Radoslav Brđanin (born 9 February 1948) is a Bosnian Serb war criminal. In 2004 he was sentenced to 32 years imprisonment by the International Criminal Tribunal for the Former Yugoslavia for crimes committed during the Bosnian War. The sentence, which he is serving in Denmark, was reduced by two years on appeal in 2008.
He was born on 9 February 1948 in Celinac, Bosnia Herzegovina, Socialist Federal Republic of Yugoslavia. A civil engineer by profession, he worked in the building trade until 1990. At that time, given the difficulty to maintain the unity of Yugoslavia, certain regions in Bosnia Herzegovina began to organise themselves into regional structures based on the concept of Municipality Assemblies such as existed under the 1974 Yugoslavian Constitution. The Municipal Assembly of Bosanska Krajina, based in Banja Luka, was created in April and May 1991. Brđanin was its first vice-president.

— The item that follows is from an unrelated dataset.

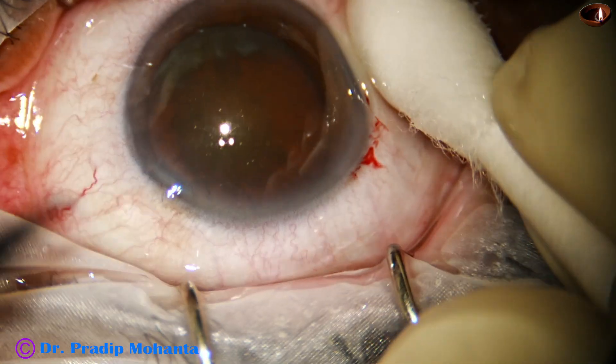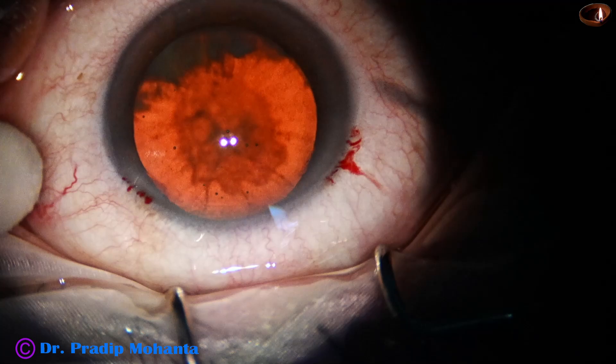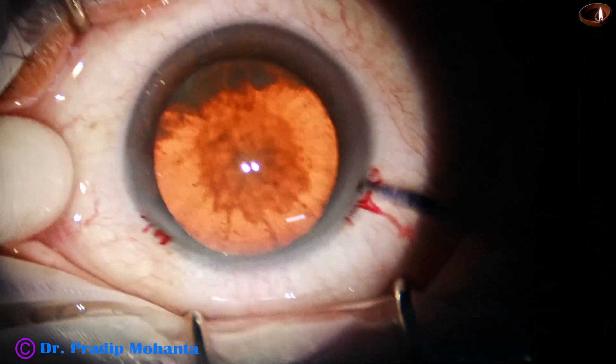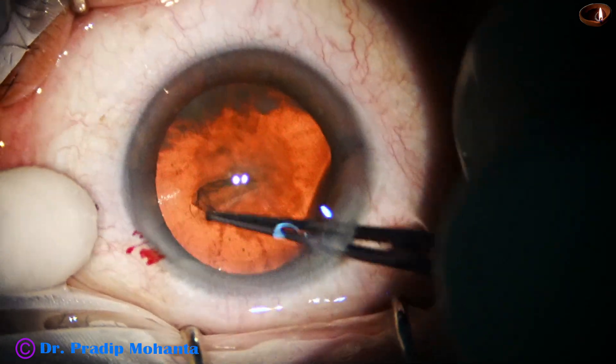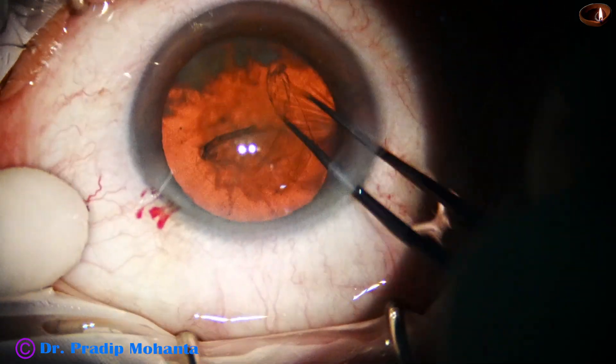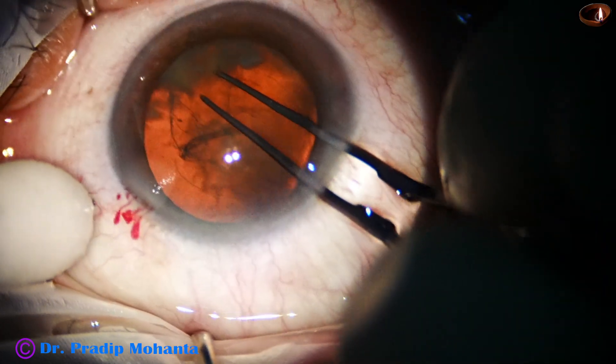A side port is made on the left side of the main incision, about 3 clock hours away. Now, capsulorhexis. This is a Lumera T microscope with a beautiful red glow, and the cataract appears soft with such good red reflex.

On 9 January 1992, the Serbian Republic of Bosnia and Herzegovina was proclaimed and re-baptised as the Republika Srpska on 12 August 1992. The leaders of the SDS felt the large Muslim and Croatian population, living in the zones they had claimed as part of the Serbian Republic of Bosnia and Herzegovina, presented a major obstacle to the establishment of their State. The establishment of this State and the protection of its boundaries therefore implied, in time, the complete evacuation, or “ethnic cleansing”, of practically all Bosnian Muslims and Croats.